Anne, Baroness Dőry de Jobaháza, formerly Princess Anna of Ardeck (née Anne Hollingsworth Price) (August 25, 1868 – April 24, 1945) was an American heiress and actress who married into the European aristocracy.

Early life
Anne was born on August 25, 1868 at Ellerslie Hall in Edgemoor, near Wilmington, Delaware. She was a daughter of oil magnate James Price II (1834–1904) and Sarah M. (née Harlan) Price (1832–1898). Her brother, Samuel Harlan Price, was married to Susan Coleman Wells (later Mrs. Morris R. Stroud). Anne was one of five sisters, who all married into the European nobility, which included Margaret Plater Price (who married in 1882 Edmund, Baron Wucherer von Huldenfeld, who was tutor to Archduke Eugen and Lord of the Manor of Gleinstätten), Susan Harlan Price (who married in 1885 Alexandru Socec, a general in Romanian Army), Matilda Louise Price (who married in 1883 Gábor, Baron Thyssen-Bornemisza, the King's Chamberlain who adopted their son-in-law Heinrich Thyssen), and Sallie Mae Price (who married in 1891 Maximillian, Baron von Berg).

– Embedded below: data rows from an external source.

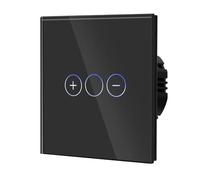 BSEED Dimmer Touch Switch with Glass, No Neutral Wire Required,Tempered Glass Panel with LED Indicator, Compatible with Dimmable LED/Halogen/Incandescent,1 Gang 1 Way,86mm Black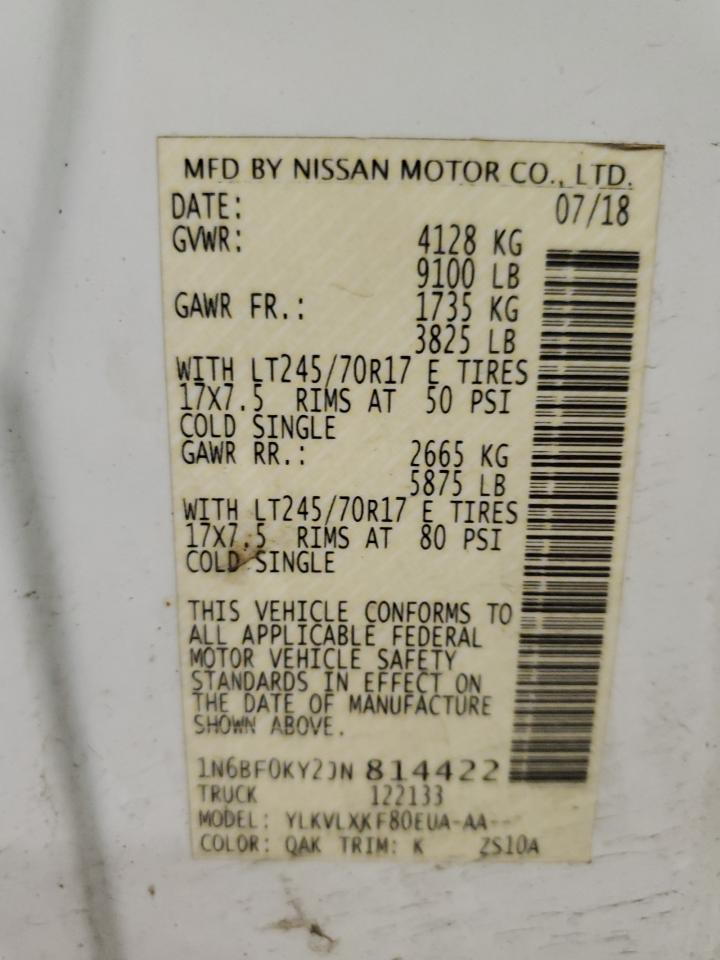 1N6BF0KY2JN814422 2018 Nissan Nv 1500 S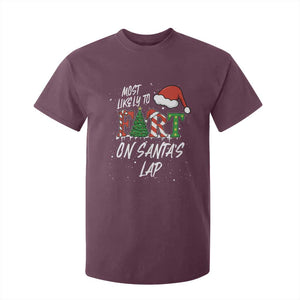Funny Christmas Matching Family T Shirt For Kid Most Likely To Fart On Santa Lap TS14 Maroon Print Your Wear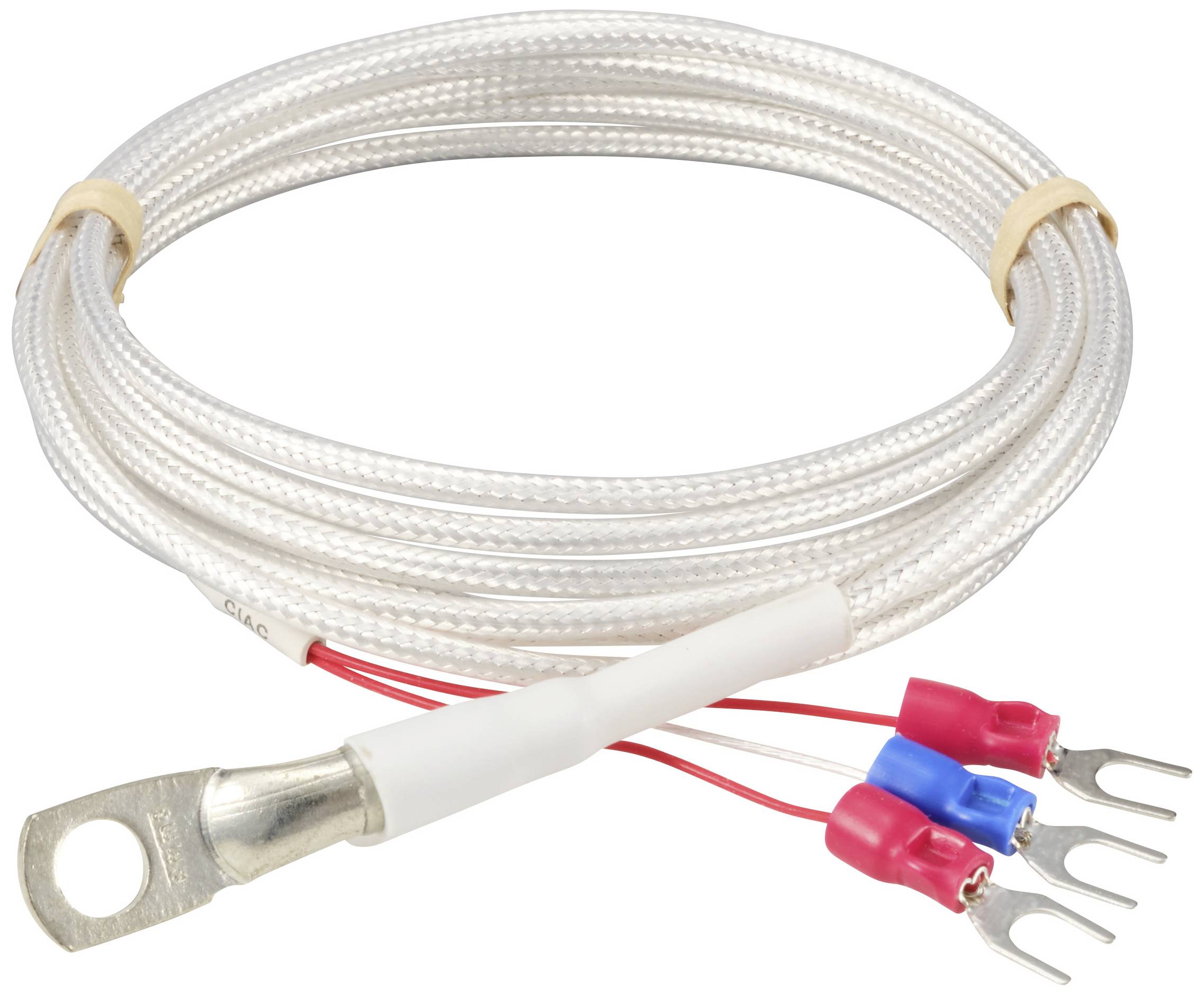 A silver cable with three coloured terminal connectors (two red, one blue) at one end and a lug terminal at the other end.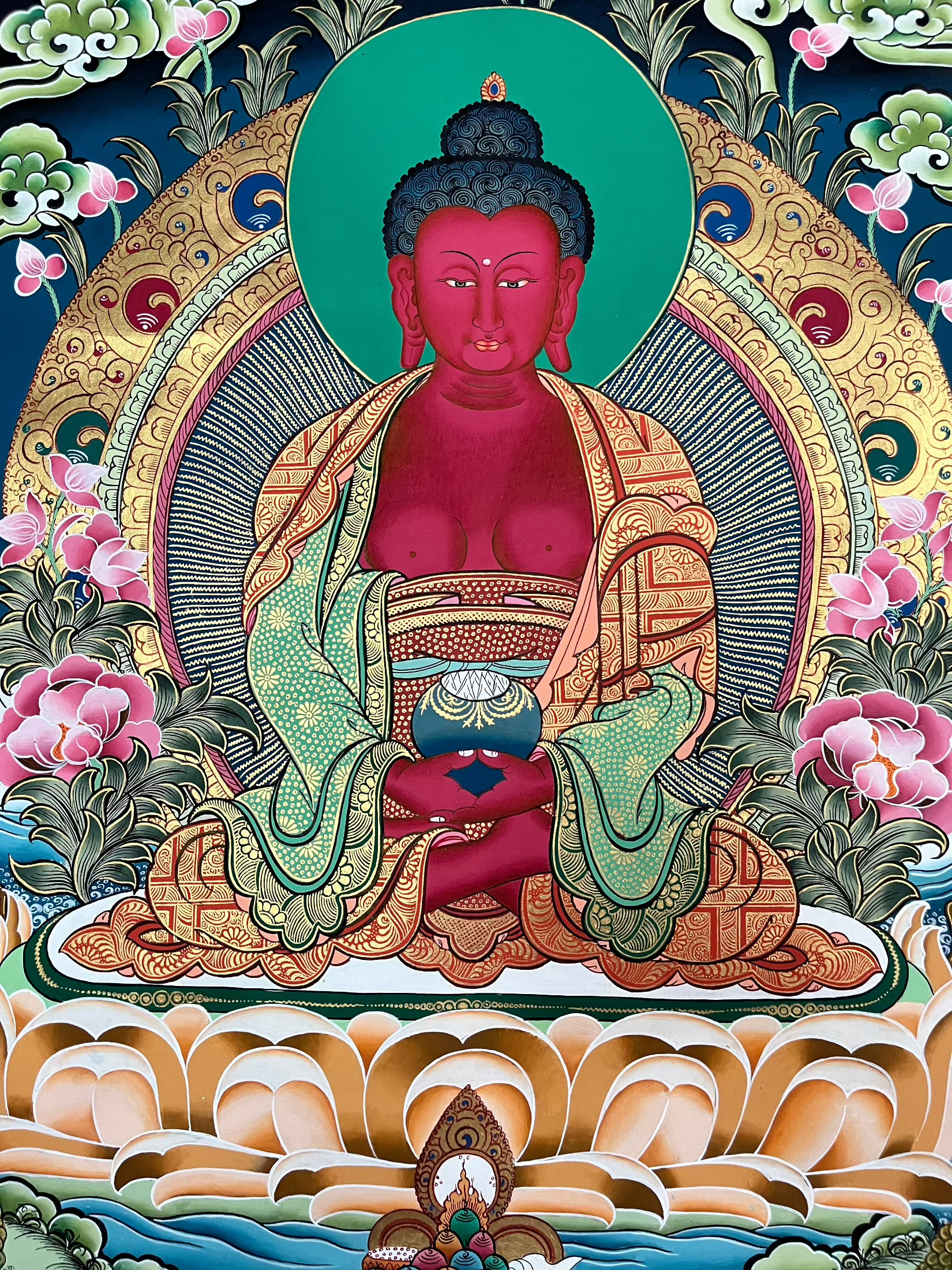 Amitabha Buddha Thangka - Buddhist Painting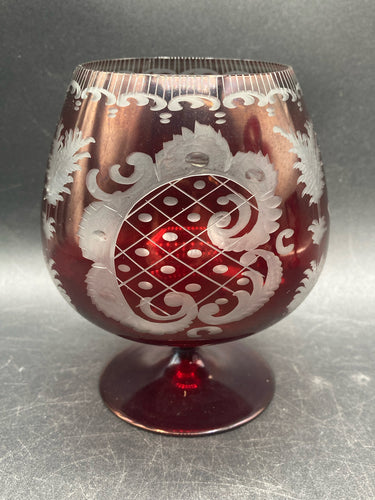 Egermann Bohemian Ruby Glass Brandy Snifter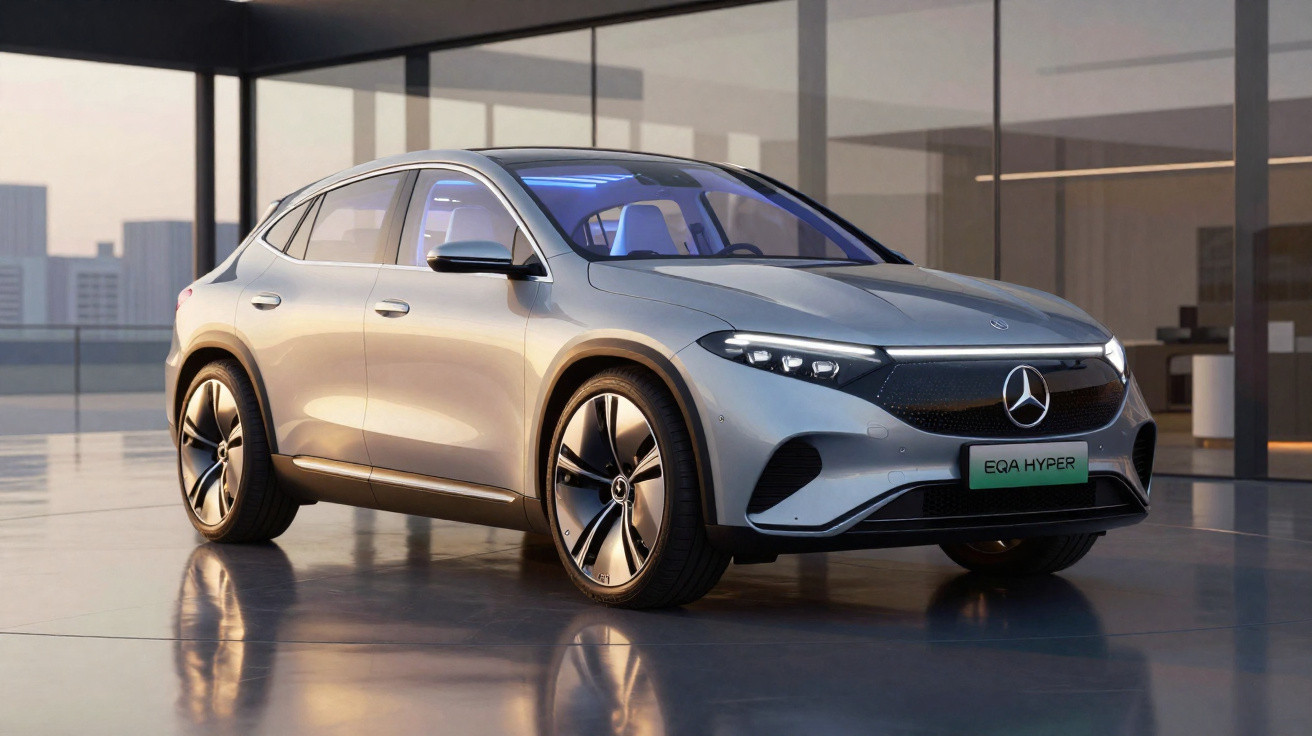 Carro elétrico Mercedes EQA Hyper cinzento estacionado num ambiente moderno e iluminado.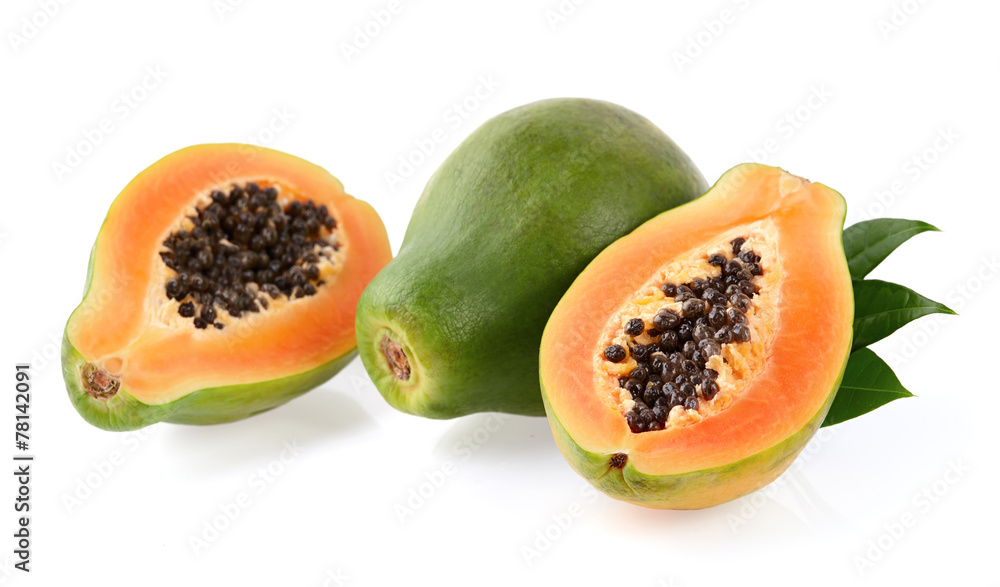 Papaya with leaves Papaya with leaves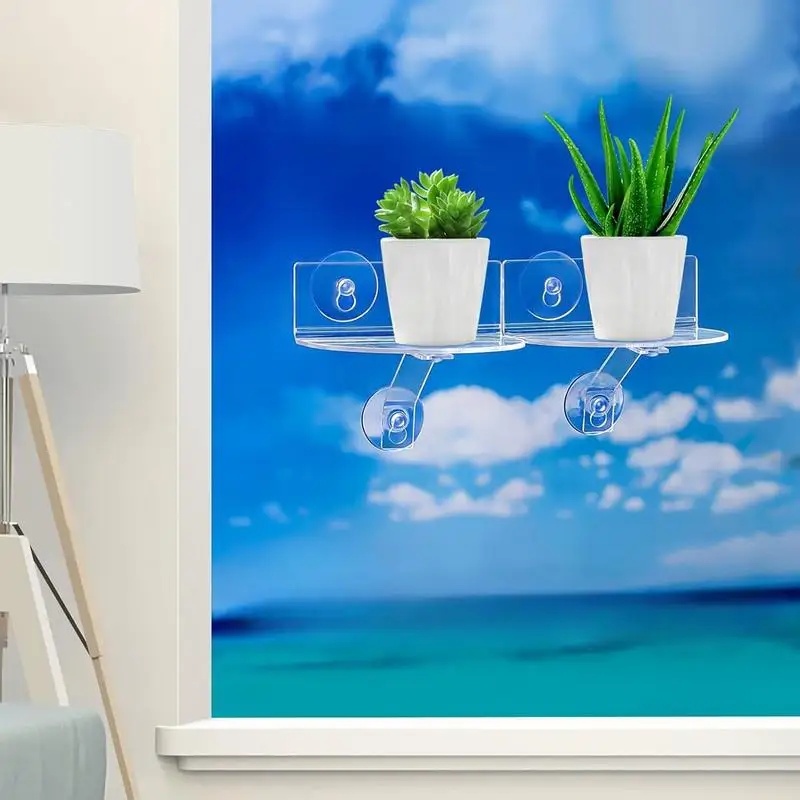 Window Plant Shelves 2X Acrylic Suction Cup Floating Shelves Space-Saving Window Ledge For Kitchens Bathroom Organizer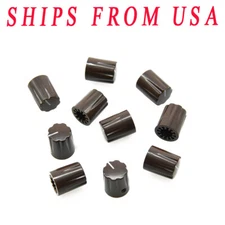 10* Guitar Amp Effect Pedal Knobs 1/4" Davies 1900H Knob w/ Set Screw Brown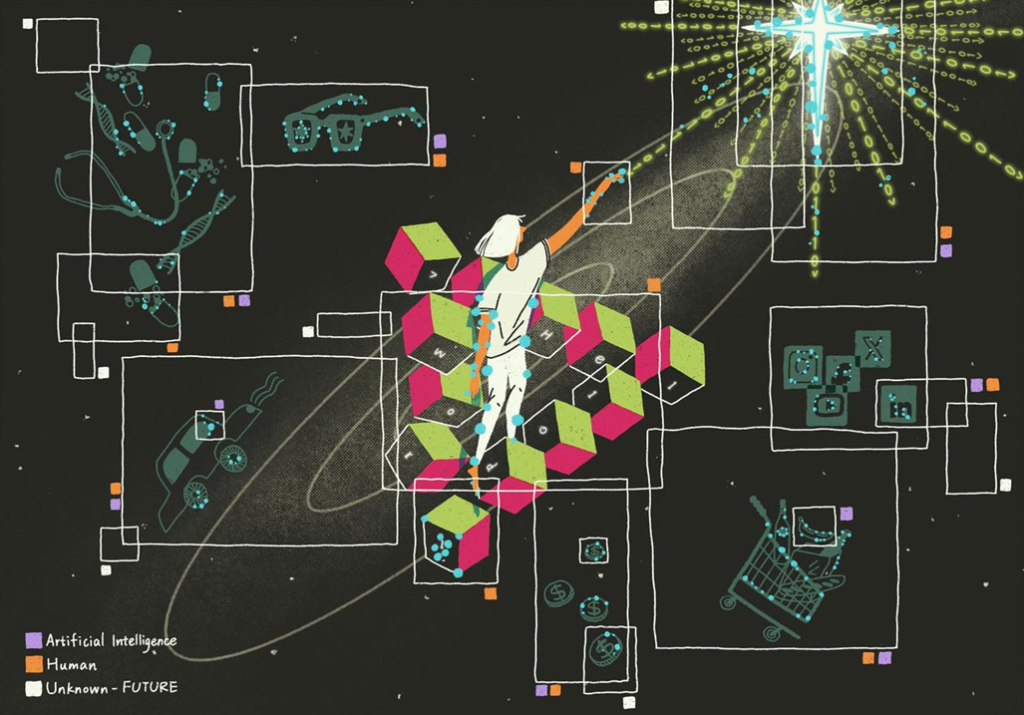 The painting shows a person standing on a staircase made of green and pink cubes, symbolising a Penrose staircase, in a cosmic environment. The person is reaching towards a glowing cross-shaped structure emitting binary code, representing AI's reach into the future. Surrounding the figure are outlined boxes showing various elements, such as glasses, medical tools, a self-driving car, and financial symbols, interconnected by white lines. The background is dark with star-like dots and features colour-coded boxes which mark different elements as relating to AI, human involvement, a combination of both, or an area uncharted by AI and humans. Image credit: Yutong Liu & The Bigger Picture/ Better Images of AI / CC-BY 4.0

Her paternal grandparents were Joseph Tatnall Price and Matilda Louise (née Sanderson) Price, and her maternal grandparents were Susan Preston (née Fairlamb) Harlan and Samuel Harlan Jr., of Harlan, Hollingsworth & Co., shipbuilders in Wilmington (who built Yampa, which was purchased by German Emperor William II). Harlan and Hollingsworth was acquired by Bethlehem Steel in 1904, although her grandfather Harlan had died in 1883 in Vienna.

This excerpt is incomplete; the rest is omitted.